29. Finally, the pouring over of the minutiae of transcripts is not a useful exercise. Inevitably there will be some inaccuracies, especially where a witness is cross-examined for some period of time. Such inaccuracies, should they be identified, in no way amount to fraud or perjury, and any application based on such inevitable inconsistencies is bound to fail. As stated by Langley J. in Sphere Drake Insurance plc: “it [would not] suffice … that [the witness’] evidence was wrong or unreliable…” for it to amount to perjury. Nonetheless, as stated, this does not prejudice my findings whatsoever in the motion at hand.
30. In relation to the allegation of perjury, the statements by Suzanne Quin, originally on affidavit, which the Plaintiff contends were untruthful, were fully opened before the Court. This Court had the opportunity to hear and observe Ms. Quin being cross-examined on this very point by the Plaintiff. There is for me, no evidence that the court was being deliberately misled by the Defendant. The Court has had the opportunity, as stated, of considering the situation together with all of the statements by Ms. Quin. The Plaintiff has submitted numerous submissions outlining where he feels the contradictions contained in the evidence lie, however none of these amount to perjury. The onus on the Plaintiff, although measured on the balance of probability, is nevertheless of a rigorous standard. Given both the implicit finality of the Court’s ruling and the serious nature of the allegation, there would have to be significant evidence of perjury before such a finding could be made.
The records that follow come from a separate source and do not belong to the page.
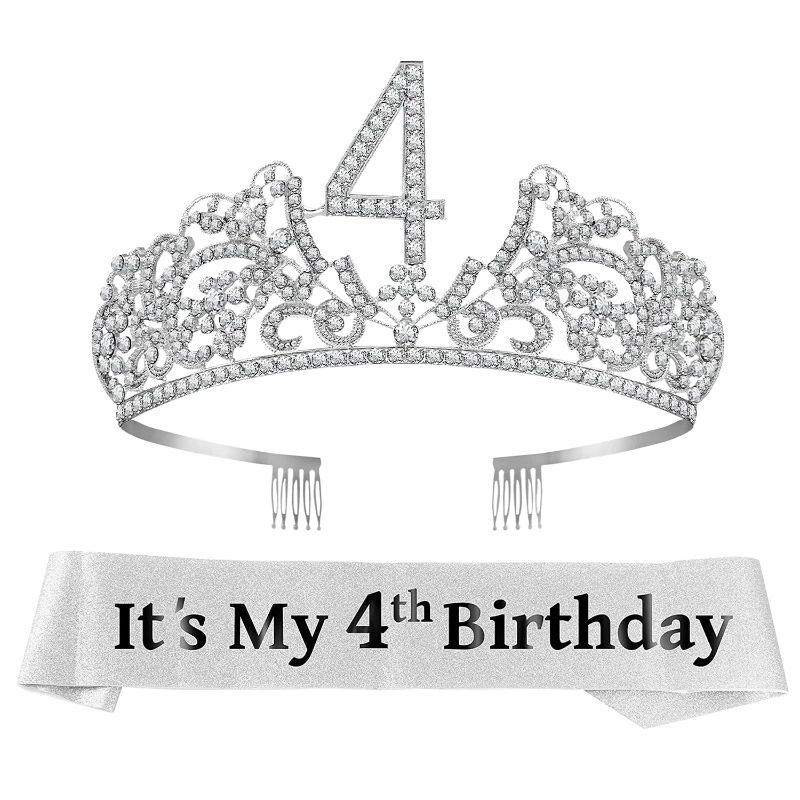 Photo 1 of 4th Birthday Sash and Tiara for Girls - Fabulous Glitter Sash + Flowers Rhinestone Silver Premium Metal Tiara for Girls, 4th Birthday Gifts for Princess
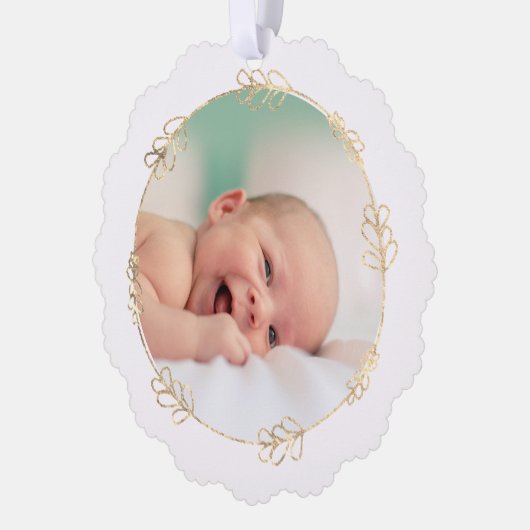 faux folie lijst Doop dank u Ornament Kaart (Links)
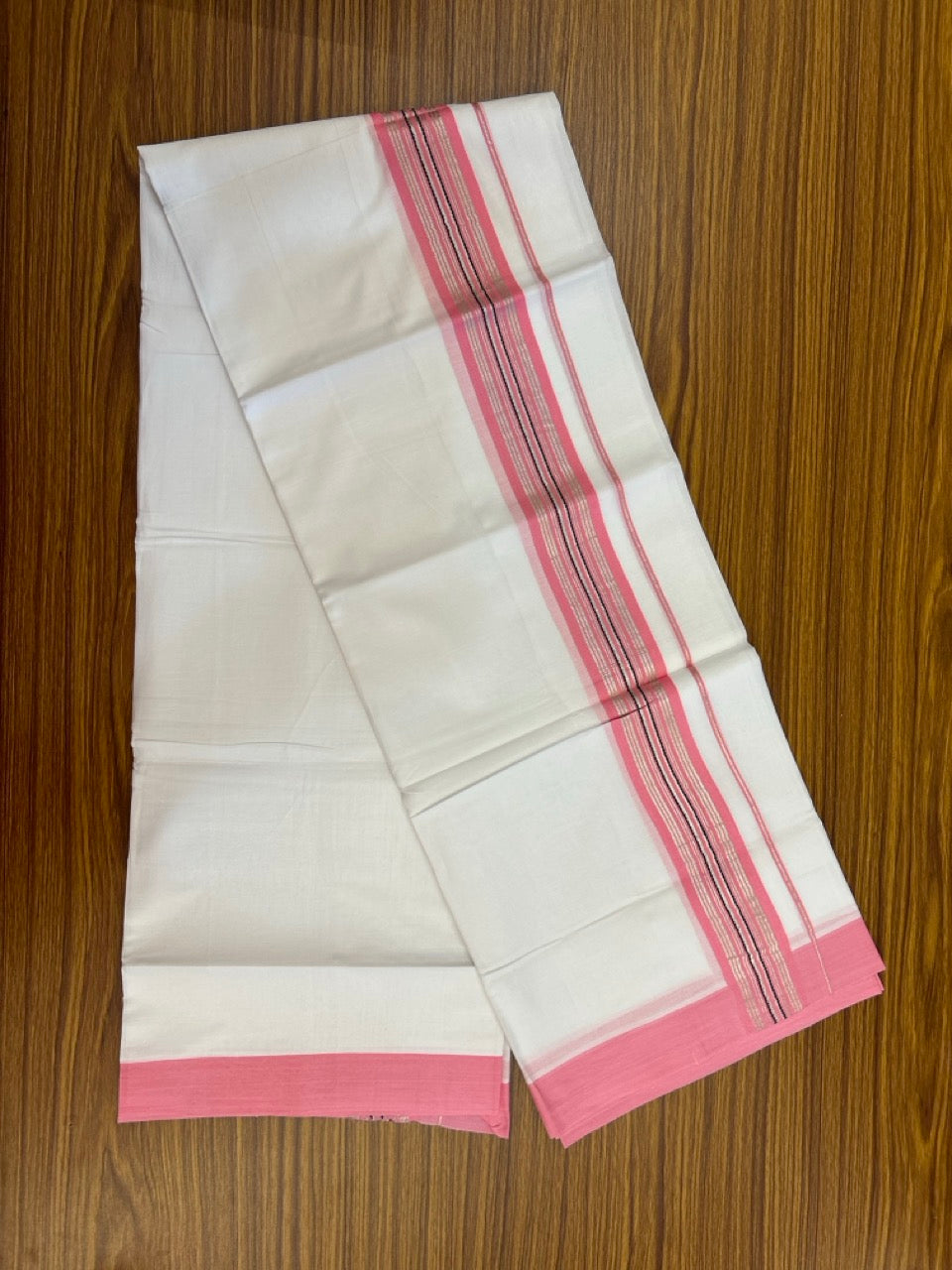 Pure White Double 20% Discount! KaithariKada 100% Cotton Pure Cotton Double Mundu / Dhoti - 100x80 - 1.5 inch Magenta Black Silver Kasav Stripes Shaded Kara 3.80 meter (8 muzham) - 111 KK5220 THI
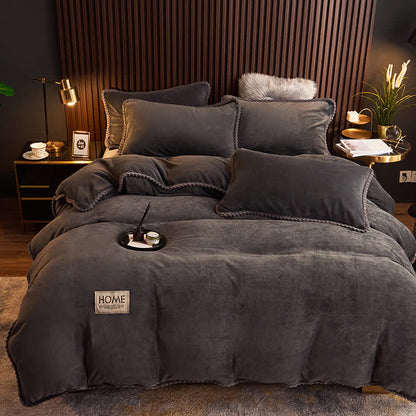 Ownkoti Solid Color Warm Flannel Bedding Set(4PCS) - Dark Gray - 1pc Duvet Cover - King - image 11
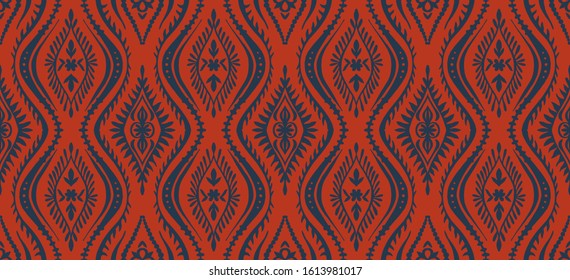 Geometric folklore ornament with waves. Oriental vector damask pattern. Ancient art of Arabesque. Tribal ethnic texture. Spanish motif on the carpet. Aztec style. Indian rug. Gypsy, Mexican embroidery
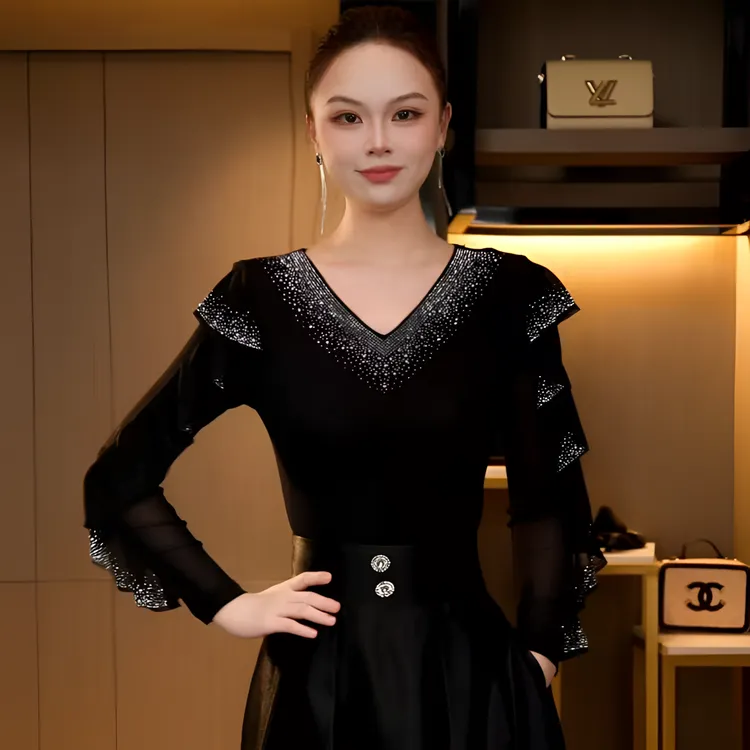 DY25Q-6293秋季法式网纱烫钻拼接时尚百搭复古上衣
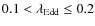 $0.1 < \lambda_{\rm Edd}\leq 0.2$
I thus conclude, having had regard to the above, that there is no evidence of perjury in this case, and Ms. Quin’s evidence is beyond reproach in this regard. I am satisfied that at all times she acted in good faith, and with the intention of sincerely assisting the Court.
31. With regards to the allegations of agency I make no finding, except to say that even were I to hold that Ms. Quin was an agent of the Defendant, or that the Defendant had full knowledge of the circumstances of her evidence, this would have no bearing on my findings as I have not found any evidence of perjury.
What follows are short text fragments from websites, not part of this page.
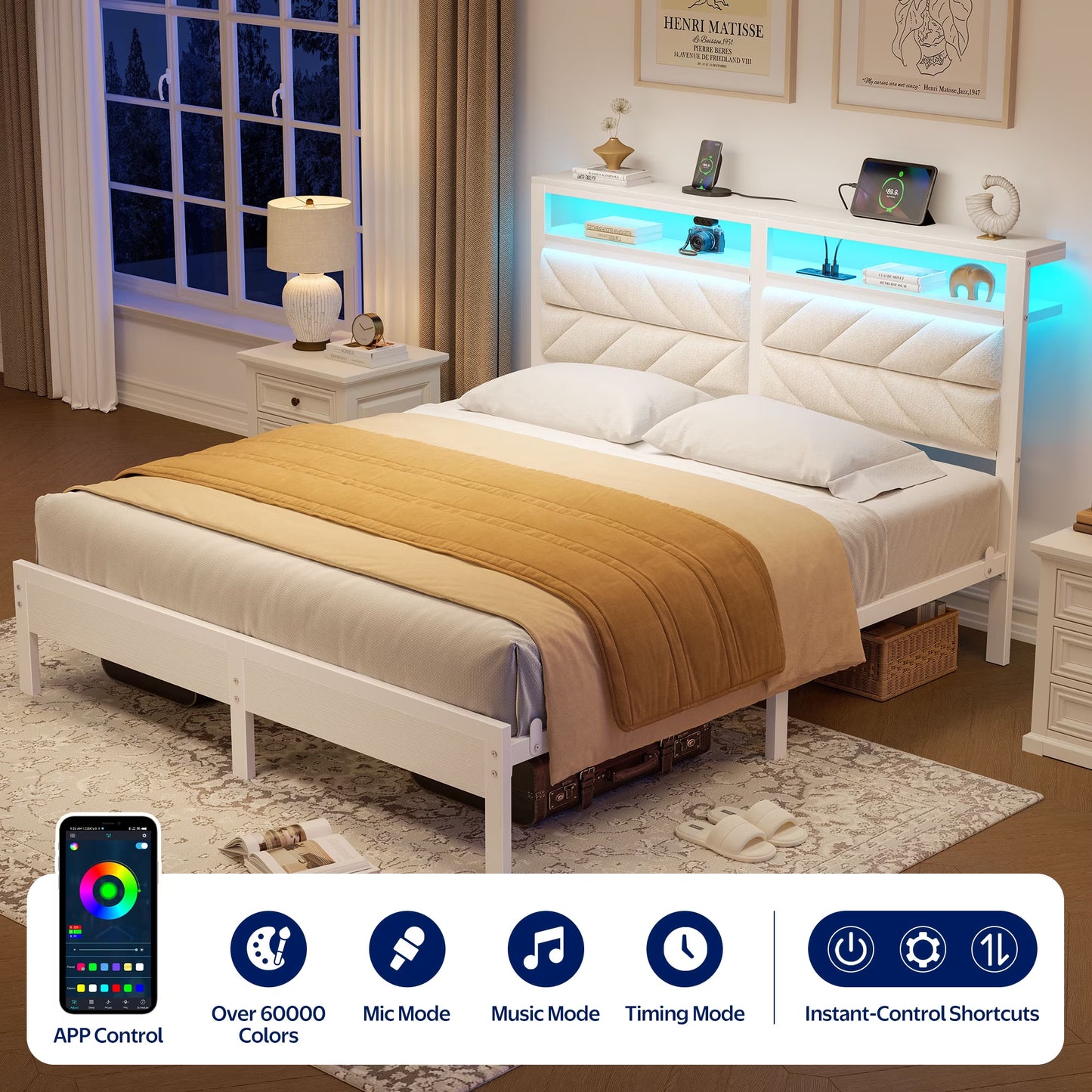 Queen LED Bed Frame with Headboard Storage - Charging Station,Off White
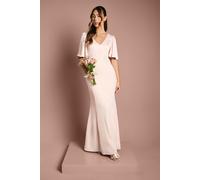 Contrast Satin Angel Sleeve Open Back Bridesmaid Dress Coast Blush 10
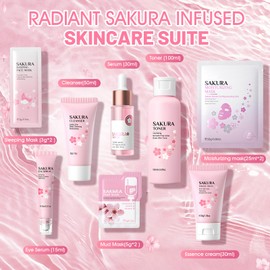Face Cream, Cleanser, Toner, Eye Serum, Serum, Sleep Mask, Mud Mask, Face Care Set Women, Sakura Skincare Set, Gift Set Women Sakura, Face Cleansing Set, Pack of 11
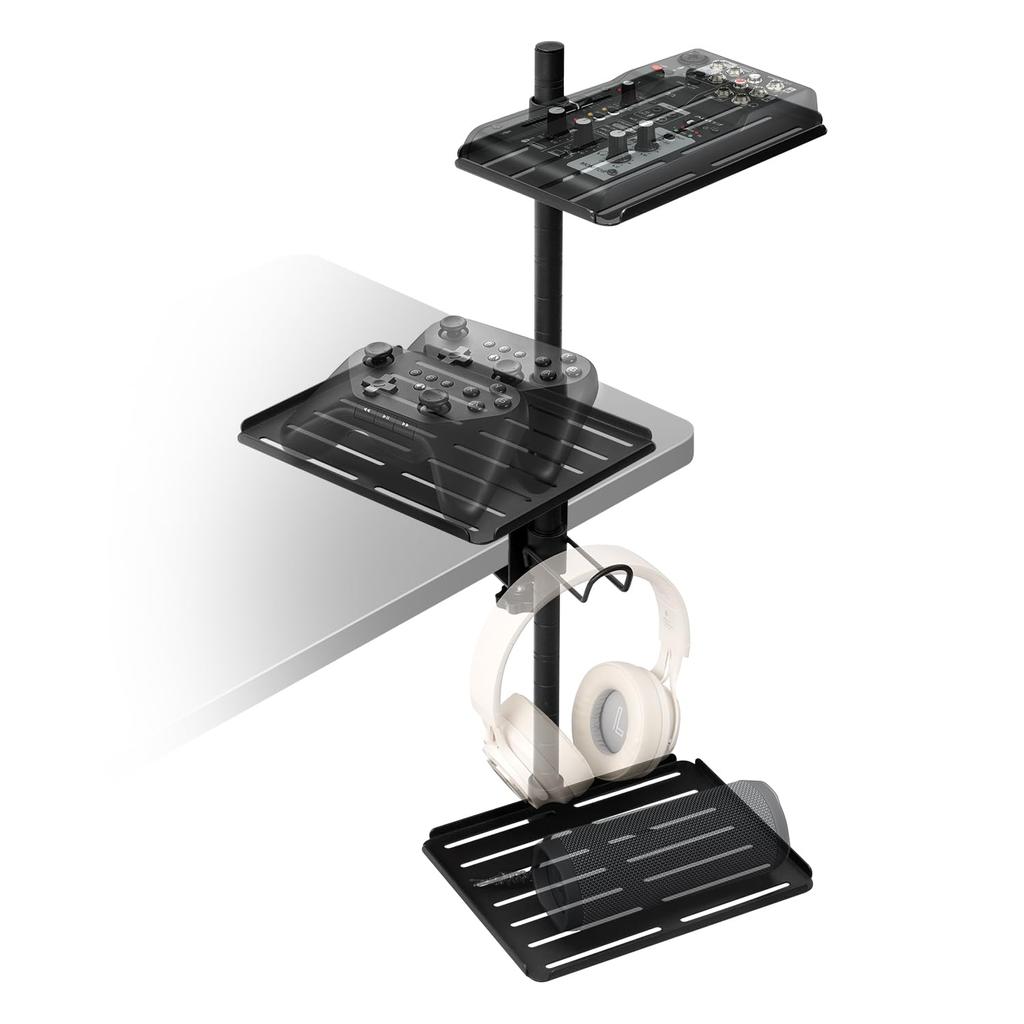 Kotesoto Audio Interface Stand, Clamp-Type Audio Interface Rack, Speaker Stand, Desk Rack, Clamp, Vertical Organization, Desk Storage, Audio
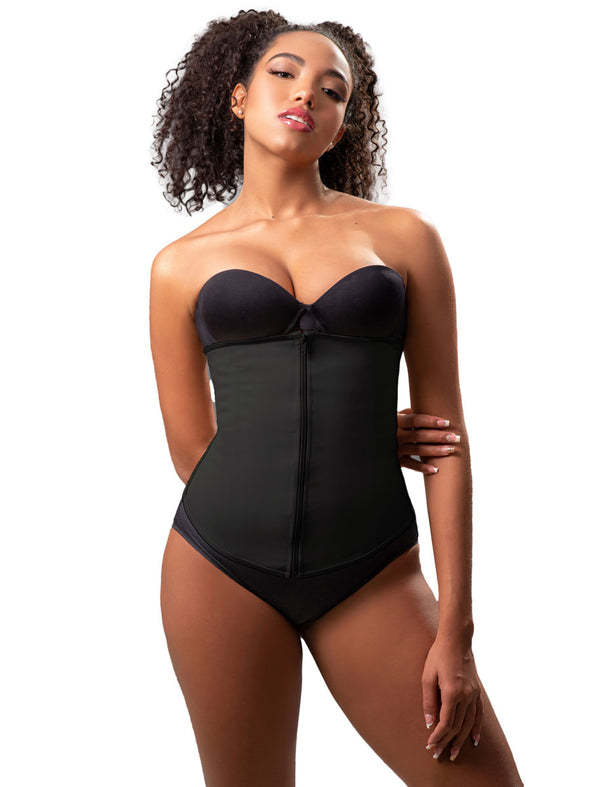 Vedette 403 Latex Underbust Strapless Shaping Corset with Zipper panels black waist cincher glam front fajas columbianas made in Columbia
32. In relation to the request by Ms. Quin to restrain the Plaintiff from further publication of accusations of perjury against her, I find it unnecessary to make any order on this point, given my ruling above and the fact that there was no motion for such, properly before me. However, I note, albeit obiter, that given the above finding that she was not guilty of perjury this should be sufficient to clear her name. Any further allegations of perjury published by anyone, which arise out of the same above set of facts upon which I have ruled, would undoubtedly amount to defamation.
33. I thus dismiss the Plaintiff’s application.